It's a tough call. I just ran the numbers on the MPG. If my "corrected" mileage is correct, then the MPG is virtually unchanged. With 19 observations on the 225/70s and 13 observations on the 235/75s, the MPG is 26.3 and 26.1 respectively. With all of the other factors (testing 89 versus 87 full petroleum fuel versus 87 E10, winter driving, summer driving, hauling, etc.) it's tough to say what effect, if any, tire size had. Of course, the illusion of higher MPG with the smaller tires was nicer.

All that said, I think I'm happy with the size. If "fits" the truck better. The wheel wells are filled just a bit more and it feels more like a truck (that might be a bad thing for some people).

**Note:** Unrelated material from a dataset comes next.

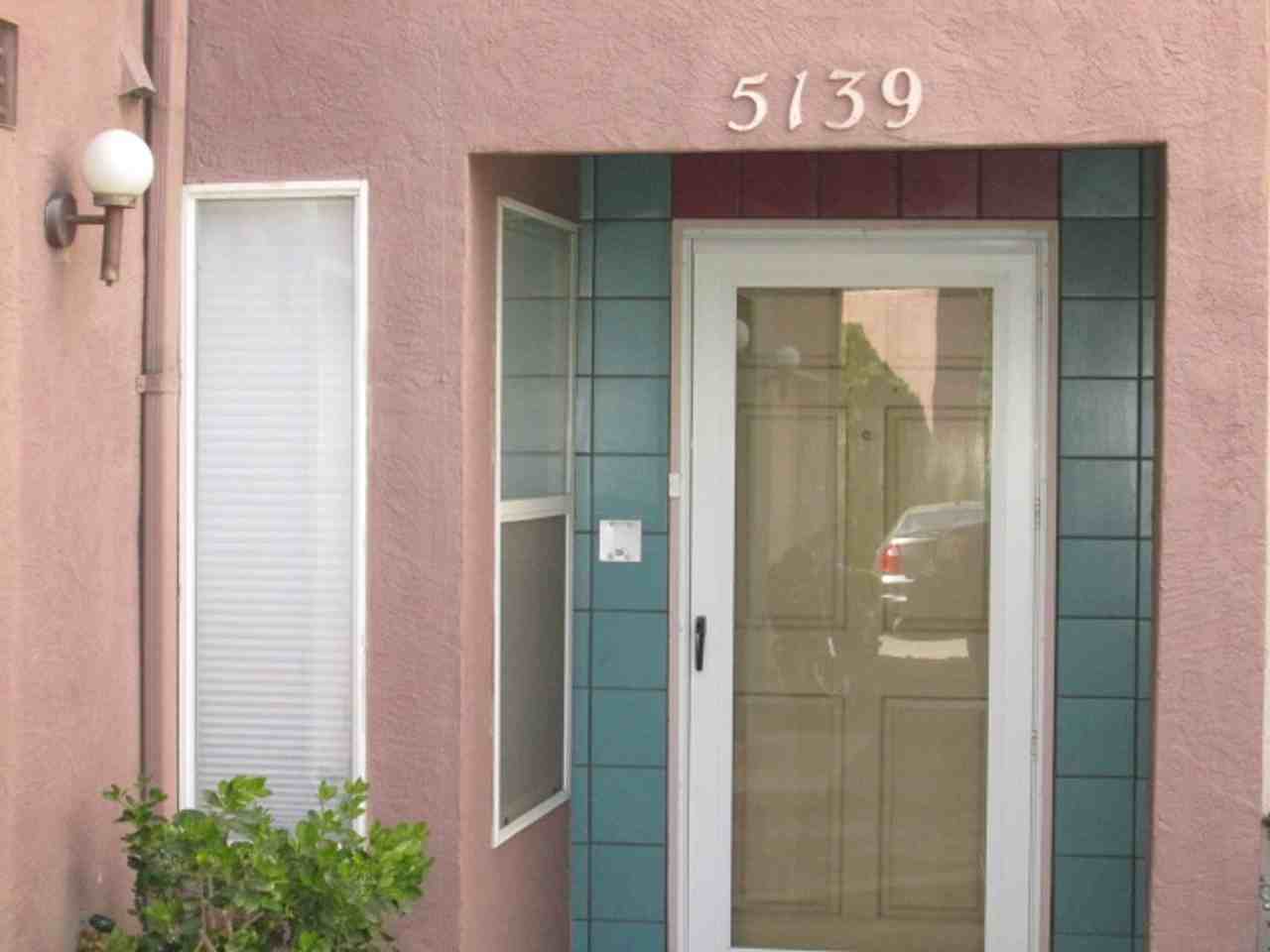 5139 Glenwood Pointe Ln Ne - Photo 2 of 28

Who knows, if I keep the truck as long as I think I will (and I never get my boat), then maybe someday I'll go to a more "street" look. But as it stands right now, I have no intention of replacing these tires until they fail inspection.

Did that answer your question


----------



## mitchell35758 (Oct 21, 2005)

sure did

so how are the Kumhos holding up? Excessive wear, balance issues, etc. 

I already have a set picked out, but they are a little on the expensive side for the size and will be considering other brands as the time comes closer...

Oh, and I agree with you about them fitting the truck better, thats the only reason why I am looking forward to new tires, my stock tires were slightly smaller than your stock tires because of those stock 15x6 steel wheels I had


----------



## jerryp58 (Jan 6, 2005)

mitchell35758 said:


> sure did
> 
> so how are the Kumhos holding up? Excessive wear, balance issues, etc.
> 
> ...


They've got about 9k miles on them with no signs of wear (but then again, the Generals looked really good at 10k).

No alignment, balance, rubbing or any other issues.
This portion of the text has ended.